SSL certificates seem simple enough: install one, and your site is secure. But in practice, certificate management is full of pitfalls that catch even experienced IT teams off guard.
Here are five common SSL certificate mistakes—and how to avoid them.
Mistake #1: Letting certificates expire
This is the big one. An expired SSL certificate triggers immediate, alarming browser warnings that drive visitors away. Your site might as well be offline.
The frustrating part? Certificate expiration is completely predictable. You know exactly when it will happen. Yet organizations of all sizes—from small businesses to tech giants like Microsoft and Spotify—have suffered embarrassing outages because someone forgot to renew a certificate.
Why it happens:
- Renewal emails go to spam or outdated addresses
- The person who set up the certificate has left the company
- Multiple certificates across different domains and servers make tracking difficult
- Manual calendar reminders get missed
How to avoid it:
Set up automated monitoring that tracks all your certificates and alerts you well in advance of expiration. Don't rely on emails from certificate authorities—they often don't arrive, or arrive too late.

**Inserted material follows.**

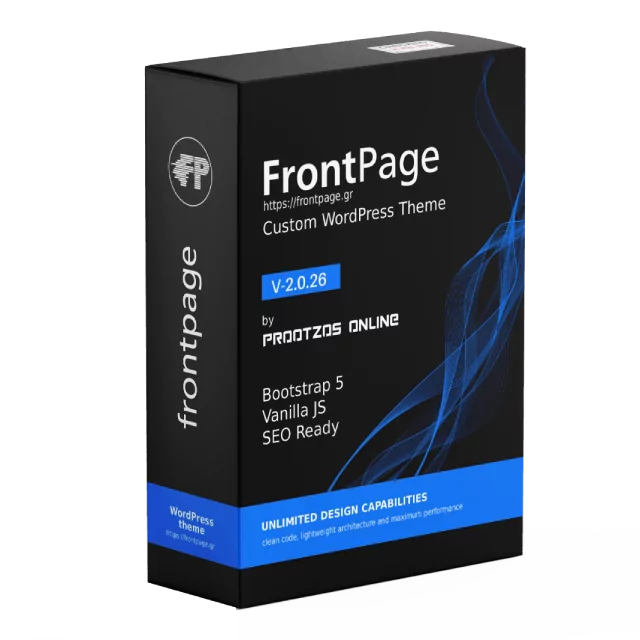 Frontpage Theme Box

Use multiple notification channels (email, Slack, SMS) to ensure someone sees the alert.
This is exactly what CheckYourSSL does. We monitor all your certificates and alert you 30, 14, and 7 days before expiration—or on whatever schedule you prefer. Join the beta and stop worrying about surprise expirations.
Mistake #2: Forgetting about subdomains
You've got a certificate for example.com. Great. But what about www.example.com? Or api.example.com? Or staging.example.com?
Each subdomain may need its own certificate coverage. A standard single-domain certificate typically covers only the exact domain specified (though many include the www subdomain as a bonus). If you've set up a new subdomain and forgotten to include it in your certificate coverage, visitors to that subdomain will see security warnings.
Why it happens:
- Developers spin up new subdomains for projects without thinking about SSL
- Wildcard certificates aren't configured correctly
- Testing environments are assumed to not need certificates (until they're accidentally exposed to users)
How to avoid it:
Consider wildcard certificates if you frequently create new subdomains. Maintain an inventory of all your domains and subdomains, and review it regularly. Make SSL certificate coverage part of your checklist when deploying new services.